The timing and manner of Jose Mourinho‘s dismissal came as a surprise more than the sacking itself, with results and mood in the locker room a problem for some time.
In the last press conferences, he appeared disengaged, down in the dumps, almost resigned. He was unrecognisable.
Mourinho was, is and probably will forever be one of the faces of world soccer, which is why his dismissal is always something of a shock. On May 4, 2021, he had been chosen, called and brought to Rome by President Dan Friedkin, the same man who in recent weeks contributed to the decision to put an “end” to his tenure in the capital.
Despite Mourinho’s continuous declarations of love for the team, the fans, and the environment, Friedkin was not pitied or won over by the Special One’s words. Quite the contrary. After a difficult period in which Roma took 6 points out of 18 available, came the decision to sack him.
How did we arrive at this decision? That is the real point of the question. Not whether or not it was right to fire Mourinho, because the team’s performance had drastically declined and ninth place in the standings was not in the least bit acceptable.
Budapest broke Jose and us
A section of Roma fans are not taking the decision to fire Mourinho in January well at all, because in their opinion, the Portuguese has given so much to Roma that he at least deserved the chance to work until June, for better or worse.
The truth, or at least that is the thinking of the person who’s writing this piece, is that the roads had to break after the Budapest final. The cursed final was lost to Sevilla because of a hugely controversial refereeing performance by Anthony Taylor.

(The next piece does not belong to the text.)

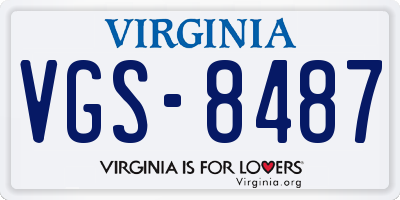 VA license plate VGS8487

That night was to end Mourinho’s adventure at Roma with a victory and another trophy lifted to the sky—an incredible, legendary success that Mourinho and his Roma had deserved on the pitch, playing better with heart, pride, and dignity. Something broke that night—not only the hearts of Roma fans but probably Jose’s himself.
The truth is that it is impossible to judge Mourinho’s experience at Roma by talking only about results. No one can call his experience a “failure,” and the reasons for this are many. First of all, Mourinho won the Conference League, Roma’s first European trophy (apart from the Fairs Cup), he then came close to clinching the Europa League trophy.
He also allowed the arrival of champions such as Paulo Dybala and Romelu Lukaku, he created in Rome an atmosphere not seen in a long time of union of absolute enthusiasm between the city, the team and the fans; he made so many fans proud; he defended Roma against everything and everyone.
Roma fans were proud of Mourinho’s Roma and of having the Portuguese on the bench, despite the fact that at times things were difficult and the results were not satisfactory. And that in Rome is more important than anything else.
The fact that they felt represented and defended, that they felt that Mourinho was speaking for their people, made Romanisti fall in love with the Portuguese coach, whose name will forever be linked to that of the Giallorossi team. Even if he had won nothing, the journey would still have been unforgettable and forever cherished by Roma fans.
Only Roma fans understand what Jose meant to the club
Giallorossi fans did not start rooting for Roma because of the successes, because of the trophies, because of the titles, but because no other team has that same sense of community, conveys that sense of family. Feeling part of something, feeling represented, that feeling of being “unique” and being “chosen,” – that is what matters most to a Roma fan.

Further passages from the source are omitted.